Problem description:
Copy each line below word for word and drop every image.

**** Raw data ****

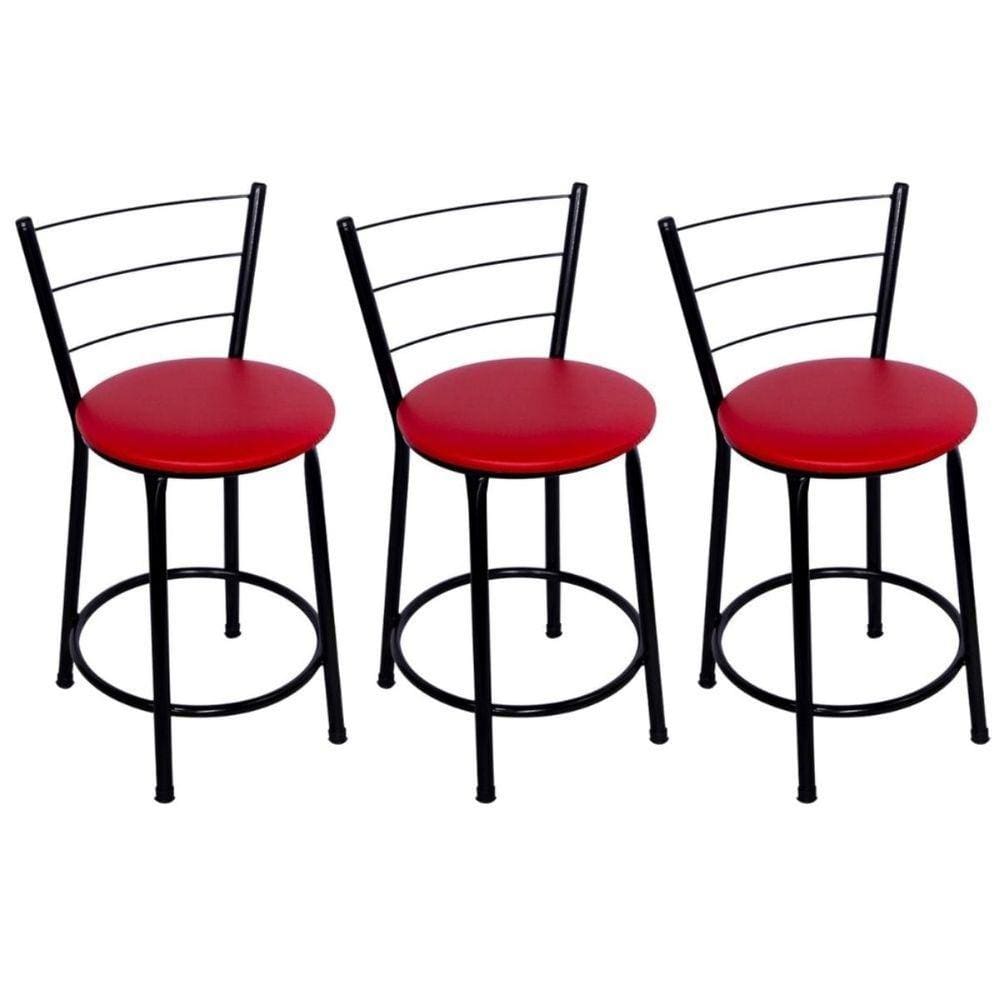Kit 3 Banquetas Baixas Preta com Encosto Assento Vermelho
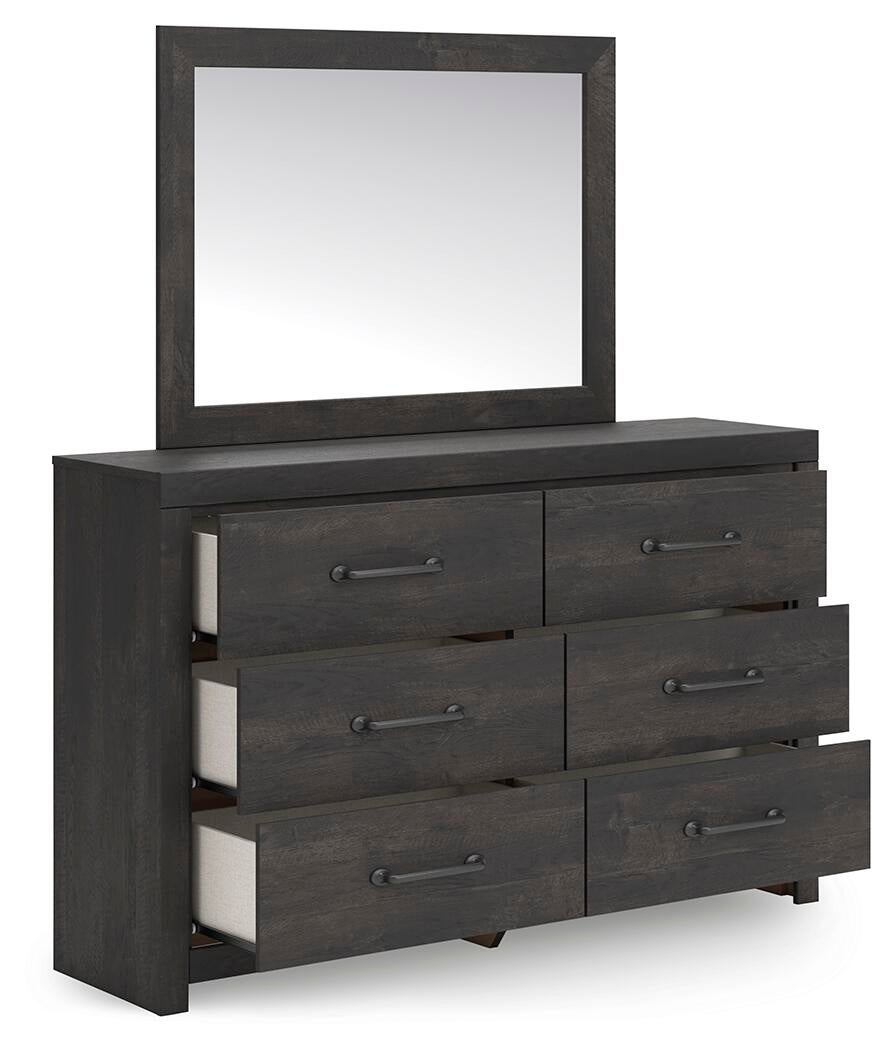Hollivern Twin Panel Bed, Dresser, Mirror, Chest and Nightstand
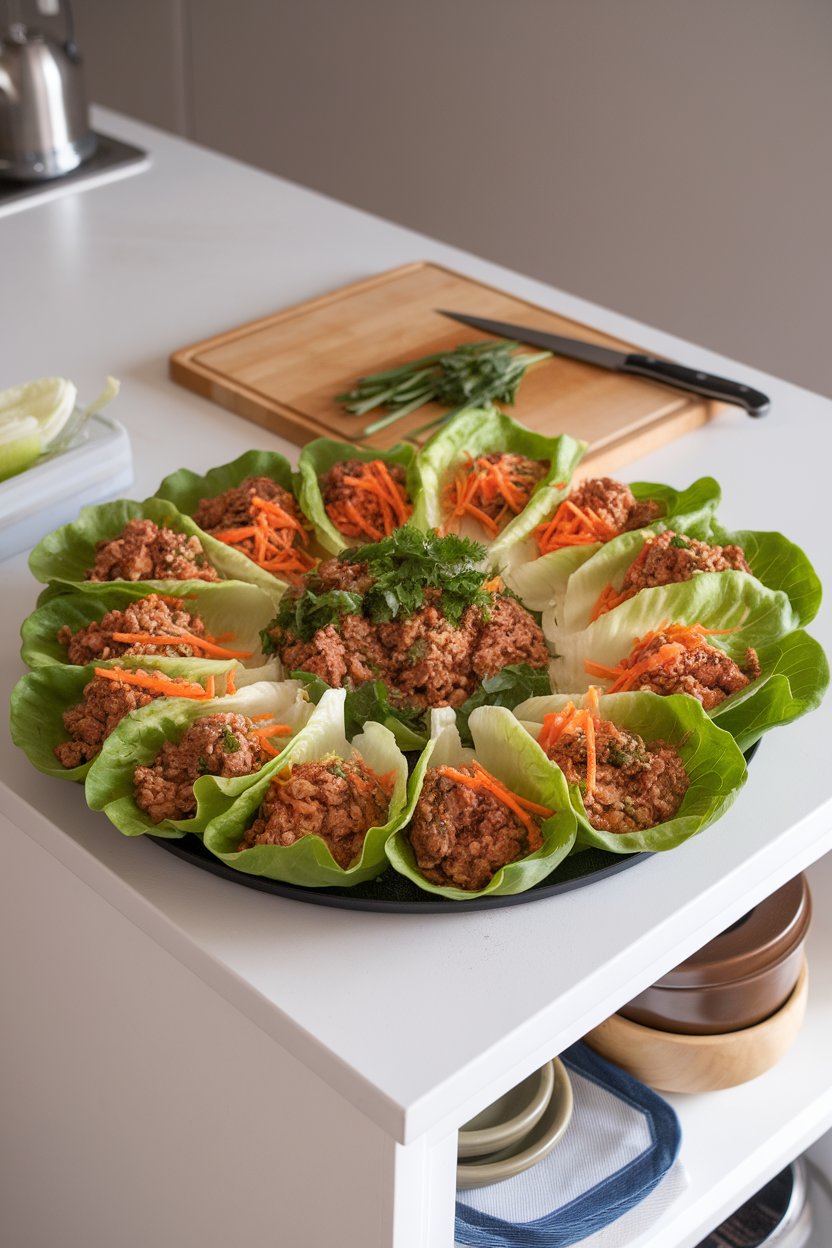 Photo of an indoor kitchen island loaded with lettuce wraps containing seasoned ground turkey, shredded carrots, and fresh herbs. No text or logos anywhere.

****

Answer space:
Kit 3 Banquetas Baixas Preta com Encosto Assento Vermelho
Hollivern Twin Panel Bed, Dresser, Mirror, Chest and Nightstand
 Photo of an indoor kitchen island loaded with lettuce wraps containing seasoned ground turkey, shredded carrots, and fresh herbs. No text or logos anywhere.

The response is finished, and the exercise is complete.